───── SOURCE DATA ─────
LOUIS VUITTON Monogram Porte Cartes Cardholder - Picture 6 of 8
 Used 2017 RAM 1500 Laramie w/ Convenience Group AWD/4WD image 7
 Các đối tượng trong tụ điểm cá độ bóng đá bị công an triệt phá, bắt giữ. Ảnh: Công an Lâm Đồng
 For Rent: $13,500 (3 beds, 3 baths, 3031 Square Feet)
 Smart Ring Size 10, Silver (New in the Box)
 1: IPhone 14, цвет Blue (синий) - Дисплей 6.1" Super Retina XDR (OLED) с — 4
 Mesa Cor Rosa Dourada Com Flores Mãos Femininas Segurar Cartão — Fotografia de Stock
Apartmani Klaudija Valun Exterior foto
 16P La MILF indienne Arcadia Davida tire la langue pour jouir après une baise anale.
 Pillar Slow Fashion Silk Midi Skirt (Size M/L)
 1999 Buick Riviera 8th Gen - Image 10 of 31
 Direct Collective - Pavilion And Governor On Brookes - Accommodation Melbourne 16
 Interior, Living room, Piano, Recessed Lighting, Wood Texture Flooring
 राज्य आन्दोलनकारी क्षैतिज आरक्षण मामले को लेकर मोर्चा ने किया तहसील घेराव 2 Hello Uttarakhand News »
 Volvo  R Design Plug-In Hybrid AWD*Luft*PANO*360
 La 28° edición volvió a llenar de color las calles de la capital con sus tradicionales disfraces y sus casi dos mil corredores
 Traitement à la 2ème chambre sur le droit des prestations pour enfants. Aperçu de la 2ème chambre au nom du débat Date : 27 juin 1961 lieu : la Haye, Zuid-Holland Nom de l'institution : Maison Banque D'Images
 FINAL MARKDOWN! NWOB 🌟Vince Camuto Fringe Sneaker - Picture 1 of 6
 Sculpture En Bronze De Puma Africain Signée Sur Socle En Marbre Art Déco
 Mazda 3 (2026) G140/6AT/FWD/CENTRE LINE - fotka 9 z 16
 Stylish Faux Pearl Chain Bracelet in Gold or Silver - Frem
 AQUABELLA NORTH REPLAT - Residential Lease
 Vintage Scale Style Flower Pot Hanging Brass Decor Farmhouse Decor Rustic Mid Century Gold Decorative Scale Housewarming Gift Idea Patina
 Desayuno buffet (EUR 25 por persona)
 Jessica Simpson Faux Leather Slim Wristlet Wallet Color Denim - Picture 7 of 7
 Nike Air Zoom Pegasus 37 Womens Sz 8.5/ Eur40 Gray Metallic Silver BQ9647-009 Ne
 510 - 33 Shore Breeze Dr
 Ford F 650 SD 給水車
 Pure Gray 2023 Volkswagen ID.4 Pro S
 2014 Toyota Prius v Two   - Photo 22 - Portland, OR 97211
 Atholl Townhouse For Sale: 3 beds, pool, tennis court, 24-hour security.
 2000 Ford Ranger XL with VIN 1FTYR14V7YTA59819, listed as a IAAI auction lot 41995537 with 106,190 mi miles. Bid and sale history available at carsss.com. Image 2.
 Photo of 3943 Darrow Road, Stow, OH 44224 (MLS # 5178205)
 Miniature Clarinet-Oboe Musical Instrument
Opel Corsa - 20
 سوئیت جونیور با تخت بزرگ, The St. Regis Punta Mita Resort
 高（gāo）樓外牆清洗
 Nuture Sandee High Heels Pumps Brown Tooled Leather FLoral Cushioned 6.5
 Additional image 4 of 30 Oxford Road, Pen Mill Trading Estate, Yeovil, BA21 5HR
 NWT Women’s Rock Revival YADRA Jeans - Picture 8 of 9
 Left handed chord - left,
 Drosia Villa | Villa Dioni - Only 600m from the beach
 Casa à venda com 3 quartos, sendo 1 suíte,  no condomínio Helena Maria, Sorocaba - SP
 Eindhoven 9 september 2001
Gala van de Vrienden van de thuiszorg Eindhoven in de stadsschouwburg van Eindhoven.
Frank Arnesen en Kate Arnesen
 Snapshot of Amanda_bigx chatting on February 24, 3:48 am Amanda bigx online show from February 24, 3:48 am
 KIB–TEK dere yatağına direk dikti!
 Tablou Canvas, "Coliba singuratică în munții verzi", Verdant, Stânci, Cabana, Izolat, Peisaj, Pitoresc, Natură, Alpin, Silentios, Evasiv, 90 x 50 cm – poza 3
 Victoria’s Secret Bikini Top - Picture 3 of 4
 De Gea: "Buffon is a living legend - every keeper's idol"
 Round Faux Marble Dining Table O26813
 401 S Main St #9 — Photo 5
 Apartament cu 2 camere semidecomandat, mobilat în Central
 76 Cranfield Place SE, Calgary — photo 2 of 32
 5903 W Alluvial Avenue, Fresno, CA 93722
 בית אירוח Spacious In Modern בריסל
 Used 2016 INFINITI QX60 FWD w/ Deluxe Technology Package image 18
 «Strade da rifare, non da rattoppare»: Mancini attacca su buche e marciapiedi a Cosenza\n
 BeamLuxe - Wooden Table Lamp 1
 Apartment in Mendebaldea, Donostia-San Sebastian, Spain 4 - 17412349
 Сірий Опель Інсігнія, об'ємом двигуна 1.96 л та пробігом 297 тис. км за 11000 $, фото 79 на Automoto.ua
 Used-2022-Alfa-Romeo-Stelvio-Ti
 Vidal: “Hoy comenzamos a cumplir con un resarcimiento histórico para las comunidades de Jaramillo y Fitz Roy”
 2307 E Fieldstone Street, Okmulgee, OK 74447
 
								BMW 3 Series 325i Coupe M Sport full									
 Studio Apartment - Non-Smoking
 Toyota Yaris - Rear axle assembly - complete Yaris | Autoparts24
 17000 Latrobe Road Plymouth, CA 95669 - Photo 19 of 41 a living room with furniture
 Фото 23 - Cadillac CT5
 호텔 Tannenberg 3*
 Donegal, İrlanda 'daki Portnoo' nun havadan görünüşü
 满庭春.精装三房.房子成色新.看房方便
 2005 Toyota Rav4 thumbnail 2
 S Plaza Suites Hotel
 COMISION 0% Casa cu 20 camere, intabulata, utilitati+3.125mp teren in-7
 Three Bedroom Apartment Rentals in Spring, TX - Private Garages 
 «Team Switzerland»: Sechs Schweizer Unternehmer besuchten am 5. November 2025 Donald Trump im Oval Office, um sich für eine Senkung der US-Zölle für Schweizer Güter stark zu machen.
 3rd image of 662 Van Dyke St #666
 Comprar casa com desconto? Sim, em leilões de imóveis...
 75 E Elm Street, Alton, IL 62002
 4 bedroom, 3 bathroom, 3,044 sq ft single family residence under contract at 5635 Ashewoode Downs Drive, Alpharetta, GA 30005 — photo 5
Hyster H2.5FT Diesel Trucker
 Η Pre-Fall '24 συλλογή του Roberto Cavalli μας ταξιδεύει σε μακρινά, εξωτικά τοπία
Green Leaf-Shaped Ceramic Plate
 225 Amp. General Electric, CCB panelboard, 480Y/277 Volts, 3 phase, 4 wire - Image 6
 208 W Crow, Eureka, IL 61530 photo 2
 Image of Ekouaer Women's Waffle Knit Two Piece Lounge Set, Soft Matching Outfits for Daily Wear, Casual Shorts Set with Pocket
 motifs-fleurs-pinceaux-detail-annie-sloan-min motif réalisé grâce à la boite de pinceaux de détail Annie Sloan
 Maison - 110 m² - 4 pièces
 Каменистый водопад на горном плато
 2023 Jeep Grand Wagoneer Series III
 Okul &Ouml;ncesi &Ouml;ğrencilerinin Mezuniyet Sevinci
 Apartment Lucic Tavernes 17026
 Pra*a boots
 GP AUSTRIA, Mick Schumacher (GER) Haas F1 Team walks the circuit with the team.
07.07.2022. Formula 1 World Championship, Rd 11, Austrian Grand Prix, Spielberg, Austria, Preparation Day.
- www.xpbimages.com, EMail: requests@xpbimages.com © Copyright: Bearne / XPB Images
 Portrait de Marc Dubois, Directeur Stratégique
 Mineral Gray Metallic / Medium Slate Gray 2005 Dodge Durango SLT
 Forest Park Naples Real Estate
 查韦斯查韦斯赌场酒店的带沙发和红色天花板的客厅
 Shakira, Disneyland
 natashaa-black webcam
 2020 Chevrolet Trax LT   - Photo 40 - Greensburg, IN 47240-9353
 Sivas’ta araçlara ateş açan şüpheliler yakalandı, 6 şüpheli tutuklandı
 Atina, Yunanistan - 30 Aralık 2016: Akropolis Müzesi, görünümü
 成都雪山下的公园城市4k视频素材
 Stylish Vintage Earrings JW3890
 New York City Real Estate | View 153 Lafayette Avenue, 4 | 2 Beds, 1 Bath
─────
### EXERCISE INSTRUCTIONS
All lines above containing the string "pour" are to be collected.

### OUTPUT OF THE TASK
 16P La MILF indienne Arcadia Davida tire la langue pour jouir après une baise anale.
 Traitement à la 2ème chambre sur le droit des prestations pour enfants. Aperçu de la 2ème chambre au nom du débat Date : 27 juin 1961 lieu : la Haye, Zuid-Holland Nom de l'institution : Maison Banque D'Images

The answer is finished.